INTERVIEW - François Villeroy de Galhau, le gouverneur de la Banque de France, lancera en mars un appel à projets pour expérimenter une monnaie digitale de "gros". Il décrypte pour La Tribune le futur de la finance à l'ère du numérique.LA TRIBUNE - La finance est de plus en plus bousculée par les nouvelles technologies, d'internet à l'intelligence artificielle en passant par la blockchain et les cryptomonnaies. Selon vous, innovation et régulation sont-elles compatibles ?
FRANÇOIS VILLEROY DE GALHAU - L'innovation a toujours existé en matière financière et c'est une bonne chose. Cela offre des opportunités supplémentaires pour les clients, qu'ils soient particuliers ou entreprises. Notre premier engagement c'est d'être ouvert à l'innovation, de l'accompagner, et même d'en être nous-mêmes partie prenante pour renforcer l'efficacité du système financier. Mais nous sommes aussi garants de la stabilité financière et donc des contributions des innovations à la sécurité du système financier. L'ouverture d'un côté, et la sécurité de l'autre, sont parfois présentées comme une contradiction potentielle. Dans la durée, je pense que les deux convergent, car une innovation qui diminuerait la sécurité des particuliers ou des entreprises serait peu crédible et peu durable. Plus il y a d'innovations, plus il doit y avoir un dialogue avec le secteur privé, que ce soit avec les fintech, les banques et les compagnies d'assurance établies, ou demain, avec les big tech. Nous jouons pleinement notre rôle de superviseur, mais nous superviserons demain en intégrant ces innovations, chez nous comme chez les institutions supervisées.

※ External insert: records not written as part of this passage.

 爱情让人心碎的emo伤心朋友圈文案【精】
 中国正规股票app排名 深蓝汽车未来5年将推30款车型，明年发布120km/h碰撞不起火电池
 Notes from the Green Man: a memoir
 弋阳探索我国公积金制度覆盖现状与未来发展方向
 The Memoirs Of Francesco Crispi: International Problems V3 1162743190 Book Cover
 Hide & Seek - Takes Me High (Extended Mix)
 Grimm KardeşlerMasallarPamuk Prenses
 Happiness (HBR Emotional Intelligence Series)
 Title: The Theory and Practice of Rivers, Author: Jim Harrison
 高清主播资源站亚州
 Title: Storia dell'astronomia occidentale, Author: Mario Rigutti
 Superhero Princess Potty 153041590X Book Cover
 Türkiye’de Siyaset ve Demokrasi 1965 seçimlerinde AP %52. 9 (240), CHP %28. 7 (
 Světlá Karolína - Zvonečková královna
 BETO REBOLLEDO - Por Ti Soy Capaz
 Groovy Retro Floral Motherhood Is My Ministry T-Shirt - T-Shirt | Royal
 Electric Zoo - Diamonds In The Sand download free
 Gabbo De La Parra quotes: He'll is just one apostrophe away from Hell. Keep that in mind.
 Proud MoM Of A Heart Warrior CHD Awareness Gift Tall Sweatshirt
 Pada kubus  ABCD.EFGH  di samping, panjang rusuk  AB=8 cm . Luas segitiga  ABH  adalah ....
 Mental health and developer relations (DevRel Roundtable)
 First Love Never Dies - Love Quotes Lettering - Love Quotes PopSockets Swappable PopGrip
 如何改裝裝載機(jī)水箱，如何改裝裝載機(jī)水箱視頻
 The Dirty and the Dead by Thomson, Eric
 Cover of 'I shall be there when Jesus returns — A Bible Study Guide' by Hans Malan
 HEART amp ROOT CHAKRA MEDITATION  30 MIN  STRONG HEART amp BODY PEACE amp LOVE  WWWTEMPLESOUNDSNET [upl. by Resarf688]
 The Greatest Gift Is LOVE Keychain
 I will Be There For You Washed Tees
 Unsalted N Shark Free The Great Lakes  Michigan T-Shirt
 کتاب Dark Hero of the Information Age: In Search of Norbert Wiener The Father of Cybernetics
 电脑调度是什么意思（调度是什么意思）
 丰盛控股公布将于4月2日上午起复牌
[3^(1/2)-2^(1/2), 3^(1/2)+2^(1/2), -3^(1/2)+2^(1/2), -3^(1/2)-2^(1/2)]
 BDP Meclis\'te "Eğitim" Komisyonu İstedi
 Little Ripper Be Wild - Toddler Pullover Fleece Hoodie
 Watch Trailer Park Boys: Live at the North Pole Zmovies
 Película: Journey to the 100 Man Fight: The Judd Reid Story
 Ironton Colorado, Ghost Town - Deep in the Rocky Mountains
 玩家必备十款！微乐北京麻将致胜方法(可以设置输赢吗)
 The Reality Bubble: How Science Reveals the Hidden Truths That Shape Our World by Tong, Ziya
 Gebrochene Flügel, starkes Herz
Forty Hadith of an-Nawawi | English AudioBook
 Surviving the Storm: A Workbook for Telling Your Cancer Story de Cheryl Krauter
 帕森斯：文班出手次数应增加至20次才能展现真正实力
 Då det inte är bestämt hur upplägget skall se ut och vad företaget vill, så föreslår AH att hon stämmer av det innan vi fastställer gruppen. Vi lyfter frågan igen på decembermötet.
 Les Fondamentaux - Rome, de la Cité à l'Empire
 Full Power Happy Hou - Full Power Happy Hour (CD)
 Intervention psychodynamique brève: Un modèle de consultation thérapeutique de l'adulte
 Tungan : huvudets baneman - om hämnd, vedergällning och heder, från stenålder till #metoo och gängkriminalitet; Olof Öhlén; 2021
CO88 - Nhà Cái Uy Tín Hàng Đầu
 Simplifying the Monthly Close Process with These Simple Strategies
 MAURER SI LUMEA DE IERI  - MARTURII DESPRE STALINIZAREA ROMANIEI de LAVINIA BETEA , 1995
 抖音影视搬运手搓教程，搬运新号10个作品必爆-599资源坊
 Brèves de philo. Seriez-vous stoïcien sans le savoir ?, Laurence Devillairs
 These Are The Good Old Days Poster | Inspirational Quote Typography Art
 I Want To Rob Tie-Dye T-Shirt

Comment la Banque de France se transforme-t-elle de l'intérieur pour s'adapter à cette nouvelle donne technologique ?
Aujourd'hui, nous recrutons un certain nombre de profils - data scientists, des spécialistes de la cybersécurité et de l'intelligence artificielle - que nous ne recrutions pas il y a 15 ans. Nous avons créé un Lab en juin 2017, où nous avons mené une trentaine d'expérimentations parmi lesquelles le projet Madre [registre interbancaire décentralisé basé sur la blockchain, qui permet de délivrer instantanément les identifiants de créanciers SEPA. C'est la première blockchain mise en production par une banque centrale dans le monde, ndlr]. Aujourd'hui, la quasi-totalité des établissements bancaires français y sont connectés et nous envisageons de l'élargir au fichier des implantations bancaires cette année. Nos portes sont également ouvertes à tous, y compris aux fintech, et nous allons organiser cette année, avec l'ACPR [Autorité de contrôle prudentiel et de résolution, adossée à la Banque de France, ndlr] qui a créé un pôle fintech, un forum où elles seront conviées.